The next day, the investor reaction was something the policy-makers wouldn’t have anticipated. The sensitive index (Sensex) of the Bombay Stock Exchange (BSE) opened as much as 1,013.96 points lower on Oct 17, 2007 at 18,037.90 points, over the previous close at 19,051.86 points.
Within a minute or so, it crashed further to 17,307.90 points — that is a loss of 1,743.96 points or 9.15 percent, over the previous day’s close, which was the biggest fall in absolute terms and among the steepest in percentage terms.
Automatically, trading was suspended for an hour.
After due consultations with officials, including the markets watchdog, then finance minister P. Chidambaram issued some clarifications. An official note also followed:
“In consultation with the Reserve Bank of India and the Securities and Exchange Board of India, the government proposed to take certain measures to moderate capital inflows. These measures are in the overall interest of the economy and of the market and investors,” it said.
“Proposed measures include some restrictions on the issue of offshore derivative instruments by foreign institutional investors and their sub-accounts in relation to their exposure in market. Neither do these suggest nor is there any intention to ban issue of such instruments,” it added.
When the markets re-opened, there was a significant rebound. The Sensex rose 1,533.39 points (the day’s low) to the day’s high of 18,841.29 points, and it eventually closed at 18,715.82 — with a somewhat lower loss of 336.04 points, or 1.76 percent.
But the story of the crash and the rebound did not end there. The next day, the mood continued to be sullen, resulting in a loss of 717.43 points, followed by a fall of another 438.41 points the day after, which was a Friday.
Once trading began on Monday, after a two-day holiday, the markets started reacting positively after some initial hiccups, ending with a marginal gain of 54.01 points.
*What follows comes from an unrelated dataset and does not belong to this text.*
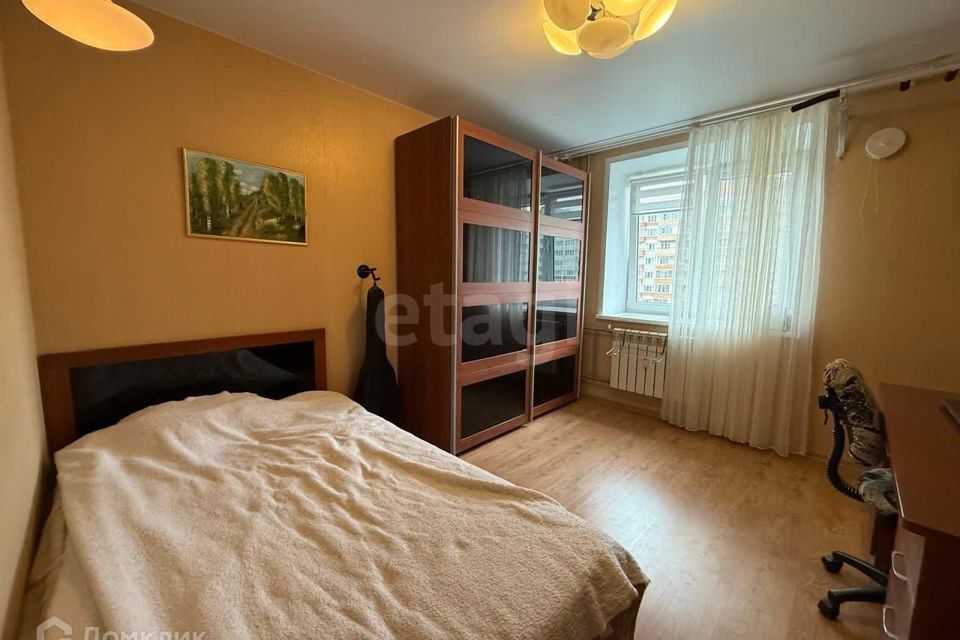 Продаётся 3-комнатная квартира, 83 м²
The next trading day, however, marked a smart recovery of 878.85 points.
Over the next two days, the Sensex rose — by 20.07 points and again by an impressive 878.85 points — to close on Thursday at 18,770.89 points, by which time all the losses incurred over a six-day period, beginning Oct 17, had been recovered.
The market rally continued on Friday with a gain of another 472.28 points, and by Monday, the Sensex had breached the psycologically-important 20,000-point level — all these developments within the matter of just nine trading days.
But what are these P-Notes in financial jargon, that have have come to haunt Indian equities once again? What are the government’s concerns and why have they evoked such strong reactions from investors?
P-Notes, or just PNs, are financial instruments used by foreign funds to invest in the Indian stock markets on behalf of their overseas clients who do not wish to register themselves with the markets regulator.
There are hordes of clients who wish to invest in Indian equities, but not directly as enrolled entities with the regulator but in an informal manner through their India-based brokerages, who issue participatory notes for the shares bought on their behalf.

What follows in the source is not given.